Expression of CysRPs mRNAs of L. styraciflua and N. parvum during early times of the infection process.
To explore if transcription of CysRPs mRNAs of L. styraciflua and N. parvum was modulated at early times of the interaction, quantitative PCR tests were performed. In Fig. 6A is showed the LsPR1 expression levels, an orthologous of Nicotiana tabacum gene encoding the pathogenesis-related protein 1 (PR1), a protein involved in defense response in plants and usually used as a defense marker, qPCR results showed an increase of LsPR1 mRNA at 1 and 3 dpi. An opposite profile was observed in all LsCysRPs transcripts, because the expression decreased after 1 dpi, LsCysRP2 presented the lowest level at this time post infection. At 3 dpi, LsCysRP2 presented the most significant changed and LsCysRP3 remained unchanged, while LsCysRP1, 4 and 5 presented a mild increase.
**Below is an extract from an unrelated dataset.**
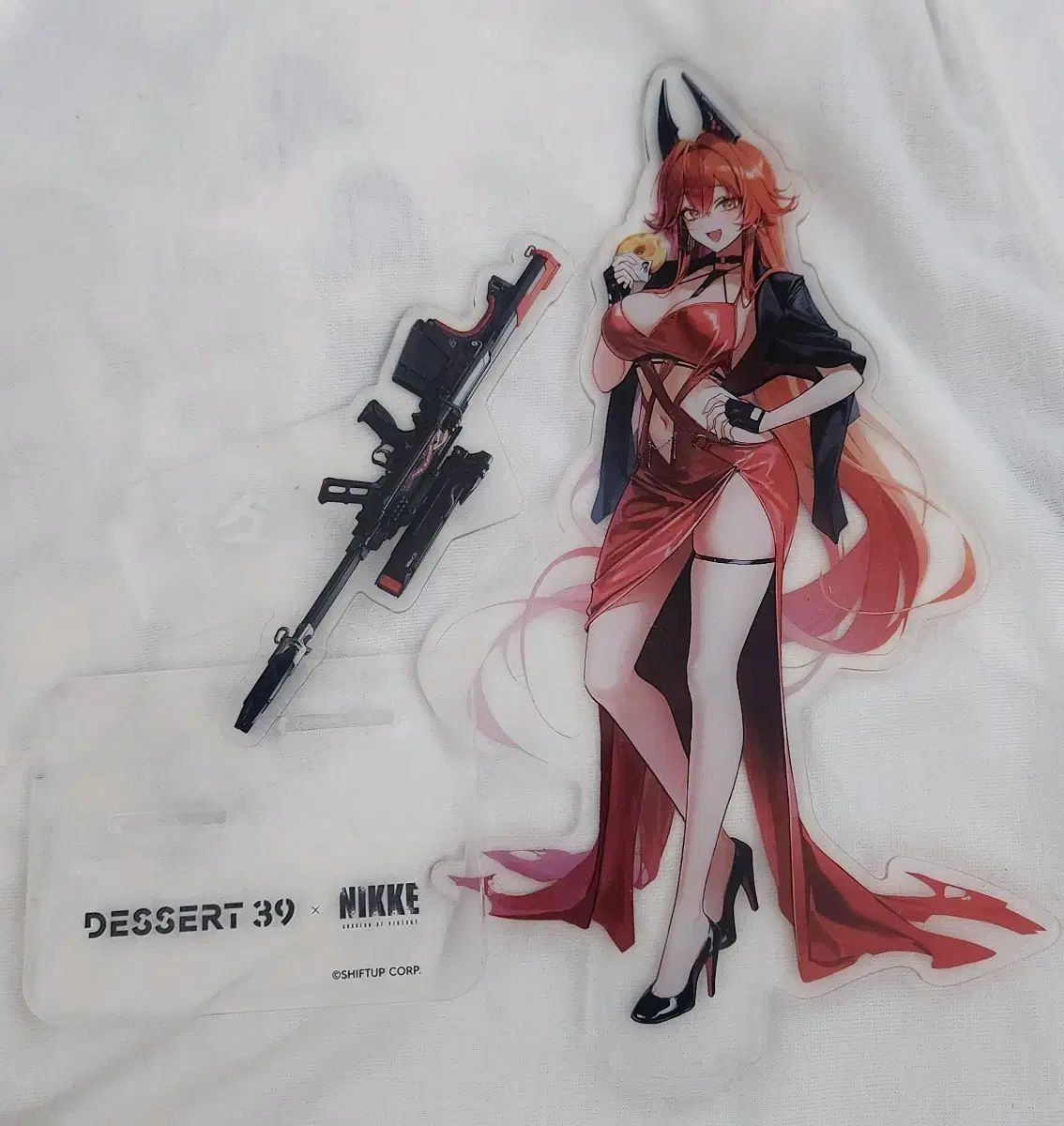 【勝利の女神ニケ】専用品 書籍: 週刊ファミ通『勝利の女神：NIKKE』2周年特集号グッズ付きセット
Finally, our experimental design allowed us to compare the expression of NpCysRPs transcripts between 1 and 3 dpi. Figure 6B showed that there was an increment in the expression of NpCysRP1, 2 and 5 mRNAs being the last one which showed the more significantly increased. In contrast, NpCysRP4 showed a significant decrement.